Georgia State’s Institute for Insight prepares students for careers in big data for any business.
Our interdisciplinary approach gives students the skills needed for dealing with the complex problems associated with big data. Students develop collaborative abilities as well as computational proficiencies, building a solid footing for careers in data analytics.
Students benefit from exclusive access to data scientists from a variety of industries, practical experience working hand in hand with their peers and industry partners, and unprecedented access to employers in industries ranging from banking, health information, technology, communications and consulting.
Four Intense Semesters
Institute students complete four semesters of intense training to earn a master’s in analytics. They take 26 hours of classes, including data programming for analytics, machine learning for analytics and econometric modeling for analytics. Students also may choose to be mentored by a senior expert in data analysis from an Atlanta company.

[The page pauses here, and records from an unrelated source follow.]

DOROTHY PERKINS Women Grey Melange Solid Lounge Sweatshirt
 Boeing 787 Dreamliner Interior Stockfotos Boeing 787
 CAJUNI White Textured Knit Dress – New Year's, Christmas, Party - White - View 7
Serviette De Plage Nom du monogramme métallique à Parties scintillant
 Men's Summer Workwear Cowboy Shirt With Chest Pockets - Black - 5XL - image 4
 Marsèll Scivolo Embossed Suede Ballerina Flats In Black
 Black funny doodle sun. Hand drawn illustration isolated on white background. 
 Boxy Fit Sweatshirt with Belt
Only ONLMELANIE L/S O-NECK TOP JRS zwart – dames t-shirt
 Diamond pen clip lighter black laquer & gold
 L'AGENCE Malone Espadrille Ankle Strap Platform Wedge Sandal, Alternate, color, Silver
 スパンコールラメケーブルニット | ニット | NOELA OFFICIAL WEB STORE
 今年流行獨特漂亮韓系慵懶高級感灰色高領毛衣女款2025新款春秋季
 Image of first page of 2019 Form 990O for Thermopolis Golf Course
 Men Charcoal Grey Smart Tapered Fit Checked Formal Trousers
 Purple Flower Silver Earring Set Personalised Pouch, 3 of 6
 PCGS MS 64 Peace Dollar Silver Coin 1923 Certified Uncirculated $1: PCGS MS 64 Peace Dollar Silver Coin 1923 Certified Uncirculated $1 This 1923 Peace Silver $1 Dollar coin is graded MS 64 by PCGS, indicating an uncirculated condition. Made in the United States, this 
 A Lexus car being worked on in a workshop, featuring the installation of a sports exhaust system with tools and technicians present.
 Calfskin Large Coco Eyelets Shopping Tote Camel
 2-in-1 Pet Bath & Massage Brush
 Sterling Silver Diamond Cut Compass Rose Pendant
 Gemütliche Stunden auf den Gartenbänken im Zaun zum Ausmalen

There are evening lectures by experts working in the field. In addition, every Friday industry partners visit the lab to share ideas about data analysis, to discuss big data issues and to help the students develop new skills.
Filled with secure and advanced technologies, our lab is designed to facilitate collaboration so that students can learn from each other, from business professionals and from faculty.
Students work in teams on “data sprints,” four-to-six-week-long projects brought to the institute by companies seeking solutions to actual problems involving data management and applications. The students tackle each project with a company staff member and devise possible solutions.
Meet Kishen Jayanti
Research assistant Kishen Jayanti is typical of the high caliber of student attracted to the institute. Having studied biochemical engineering and neuroscience, he decided to switch fields, enrolling in the Robinson College of Business in June 2014 to work on an M.S. in analytics.
Learning from working executives about how companies mine and use data “is a lot more stimulating than working in a lab,” Kishen says. “In biology, I learned in theory, but here, I get the feeling we’re solving real-world problems.”
After Kishen completed only two semesters of study, SunTrust hired him as a marketing analyst. He will work part-time while finishing his degree and will then join the company’s marketing and promotions department. “The whole experience has been so valuable,” he says. “And I love the data sprints.”